> PROVIDED RECORDS:
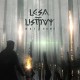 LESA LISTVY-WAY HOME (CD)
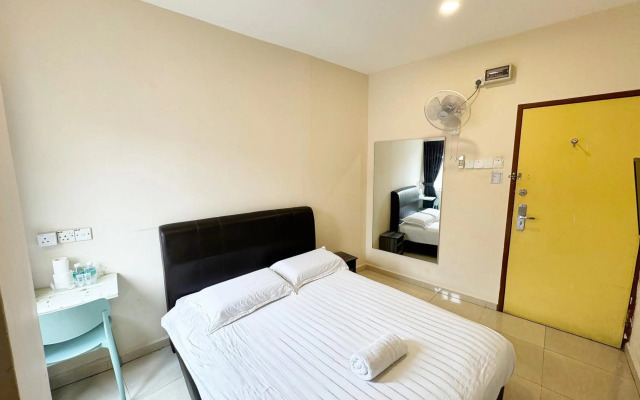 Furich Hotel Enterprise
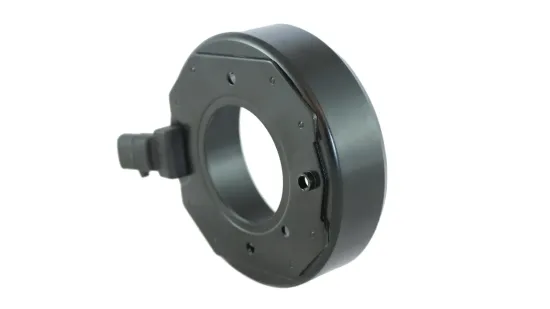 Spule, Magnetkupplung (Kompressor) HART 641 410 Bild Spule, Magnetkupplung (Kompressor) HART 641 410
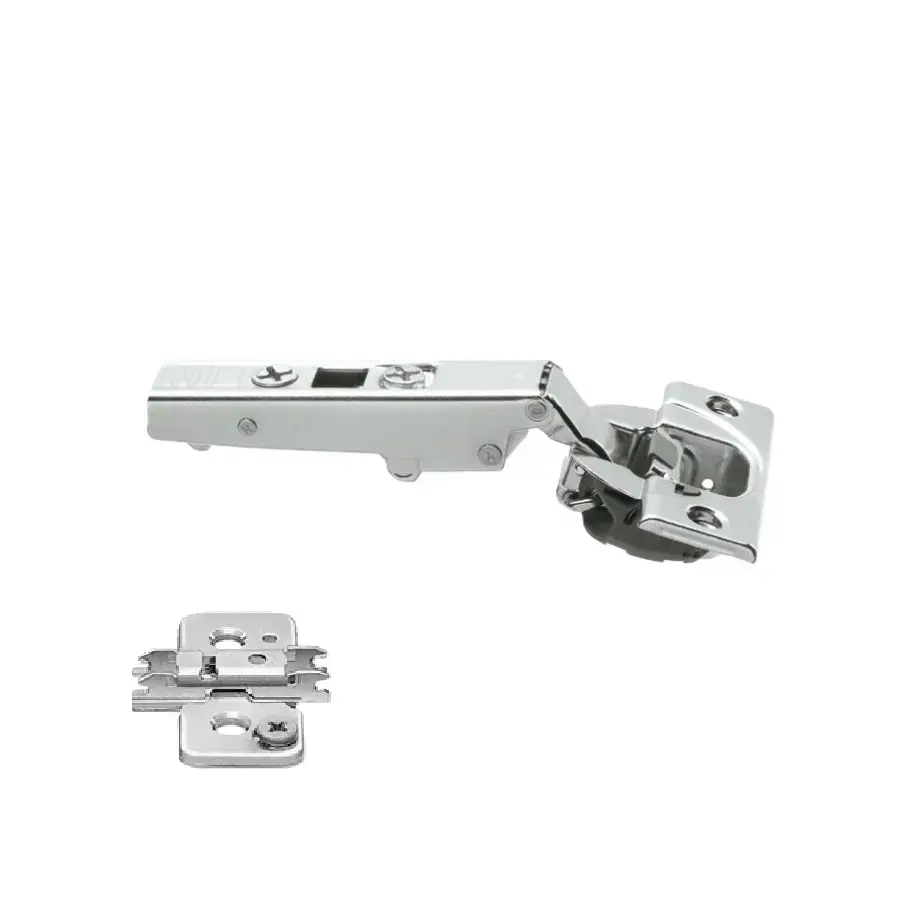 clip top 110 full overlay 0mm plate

==

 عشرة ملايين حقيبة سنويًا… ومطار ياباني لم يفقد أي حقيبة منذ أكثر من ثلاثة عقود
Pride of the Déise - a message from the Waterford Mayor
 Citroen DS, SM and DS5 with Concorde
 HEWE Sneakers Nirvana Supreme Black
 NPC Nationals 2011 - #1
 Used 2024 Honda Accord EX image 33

---

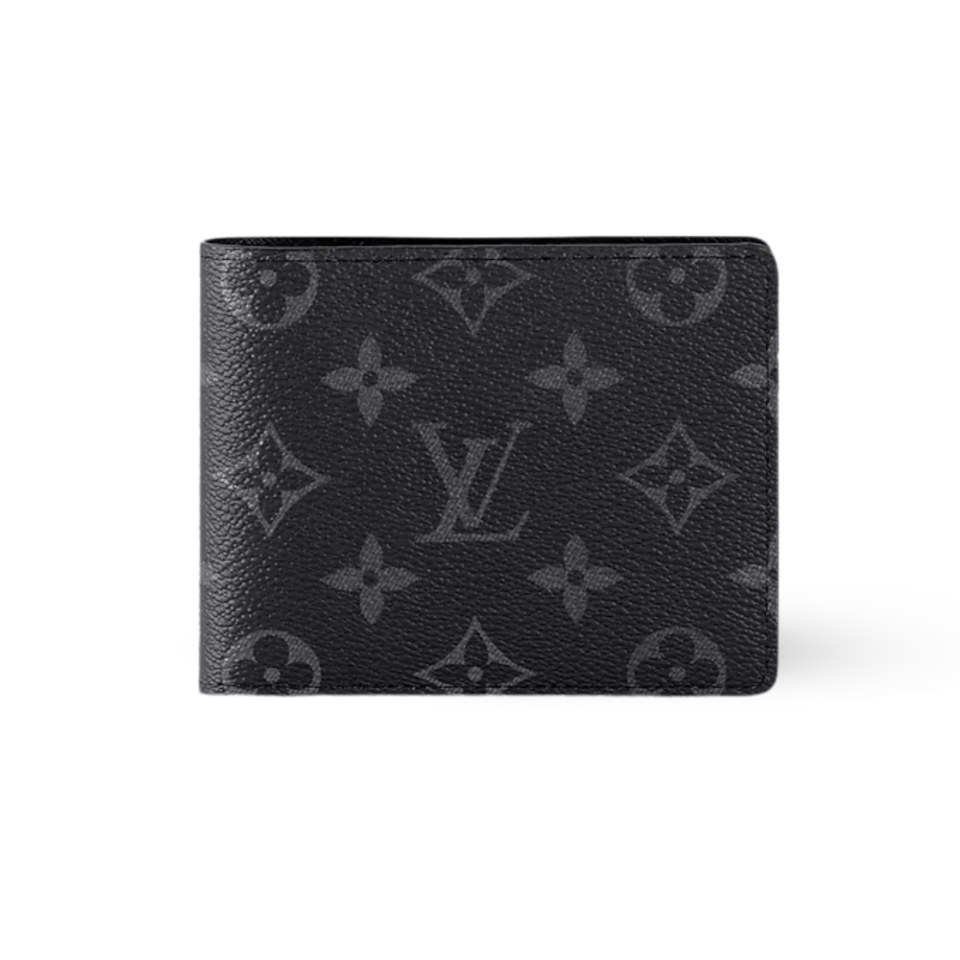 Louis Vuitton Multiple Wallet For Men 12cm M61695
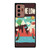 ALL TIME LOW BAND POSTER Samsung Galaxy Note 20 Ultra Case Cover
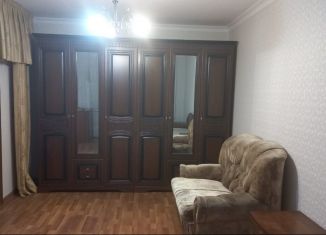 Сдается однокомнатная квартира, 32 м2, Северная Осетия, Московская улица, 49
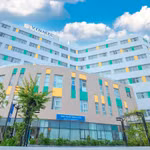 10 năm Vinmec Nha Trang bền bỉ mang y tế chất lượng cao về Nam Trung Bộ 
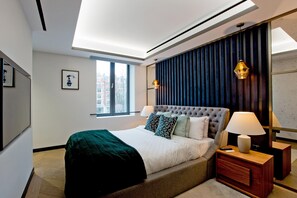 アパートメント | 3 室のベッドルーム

> EXERCISE INSTRUCTIONS:
Print exactly, with no pictures, the lines above from the one that holds "Сдается однокомнатная квартира, 32" through the one that holds "アパートメント | 3 室のベッドルーム", both of them included.

> SOLUTION TO THE PROBLEM:
 Сдается однокомнатная квартира, 32 м2, Северная Осетия, Московская улица, 49
 10 năm Vinmec Nha Trang bền bỉ mang y tế chất lượng cao về Nam Trung Bộ 
 アパートメント | 3 室のベッドルーム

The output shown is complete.